We may not have had running water, or common ammenities per se, but a simple way of life certainly had its perks. A few days in, I felt remarkably relaxed–not the common, Western image of relaxation that features a beach and a healthy fix of laziness, but the sort of relaxation that pairs with fulfillment after a day of hearty work. Relaxation characterized by time well spent.
Some other perks of the “simple life:”• I enjoyed the freshest yogurt I have ever and will ever eat in my life.• The night sky, completely uninhibited by light pollution, showed more stars than I’ve seen in my life.• Warmth and small homes gathered us around the stove at night for time together without distraction, filled with lots of direct joy and laughter.
At home, I’m rather happy with my plumbing, indoor personal space, and plugged-in connections to the world. I should be wary not to over-glorify their lifestyle–many people would be quick to embrace a lifestyle different than their own, without taking the time to appreciate its limitations.

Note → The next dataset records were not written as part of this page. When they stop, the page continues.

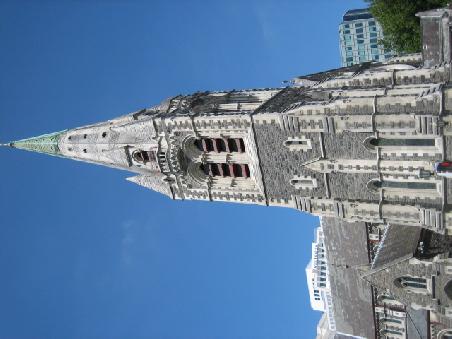 Cathedral in Christchurch.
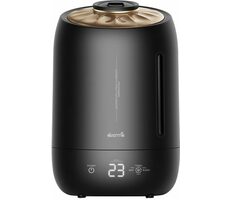 Deerma F600 czarny / ultradźwiękowy nawilżacz powietrza / 25W / pomieszczenie do 30 m-2 / 280 ml-h / zbiornik na wodę 5 L / 36 dB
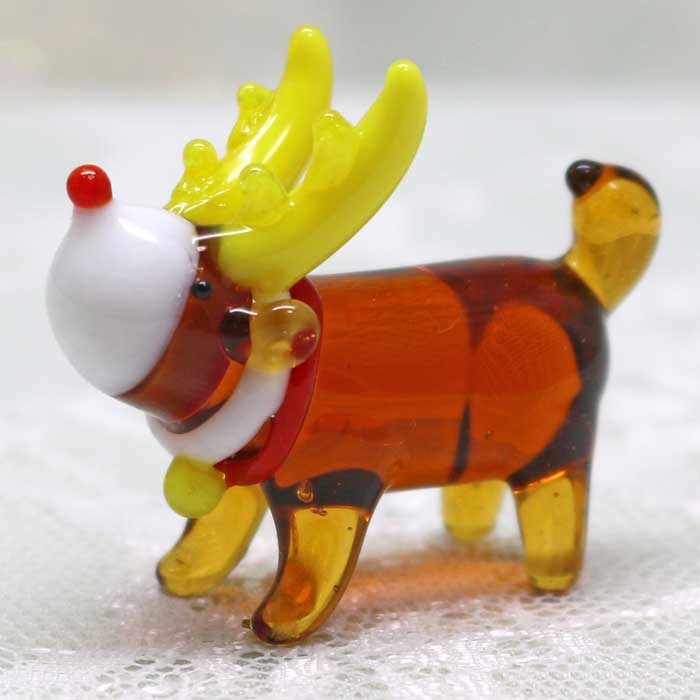 楽天市場】ガラス細工 トナカイさん(大)クリスマス トナカイ 雪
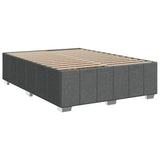 Box spring postelja z vzmetnico temno siva 160x200 cm blago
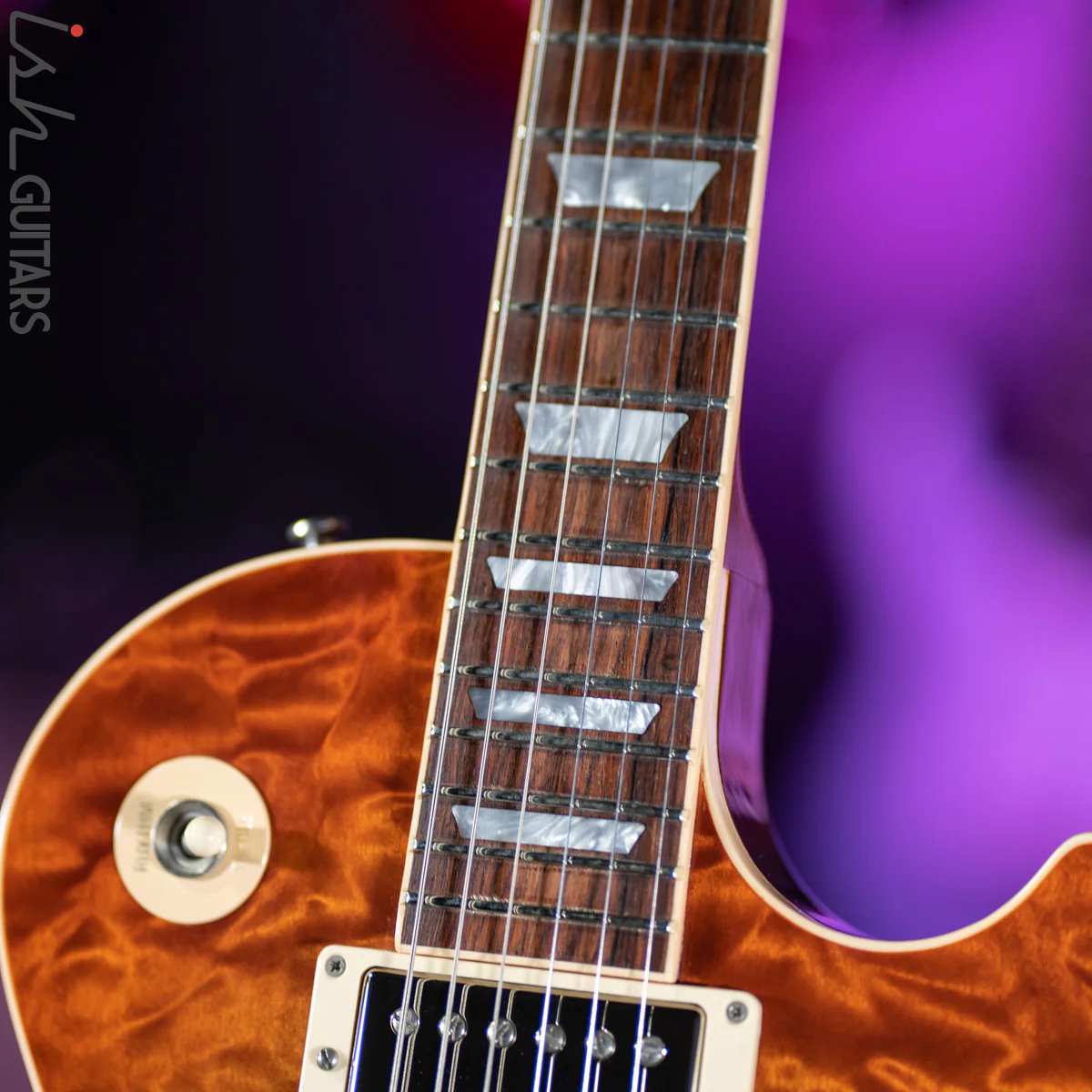 2007 Gibson Les Paul Custom Shop Class 5 Quilted Maple - Image 6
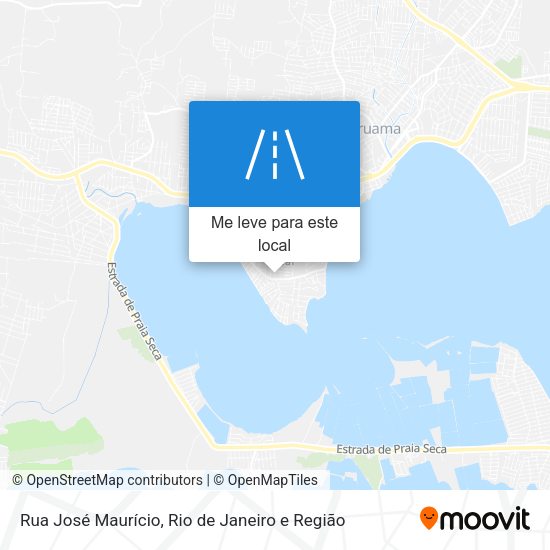 Rua José Maurício mapa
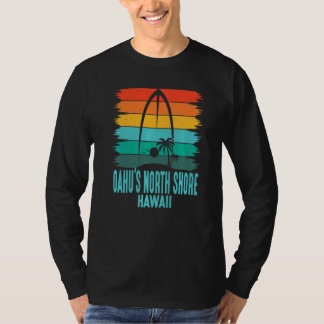 Surfer Surf Board Oahu's North Shore Surfboarder S T-Shirt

Rather, my focus is on living one’s values. To me, it seemed that the rural Tibetan lifestyle aligned perfectly with their values, prioritizing family, joy, and stability, and minimizing distraction. It makes me consider what I could achieve by working backwards from my values: establishing what it is that I consider important, and then building my life around it. It makes me think that we too can be intentional about which distractions are worth while–we too can consider a simpler life.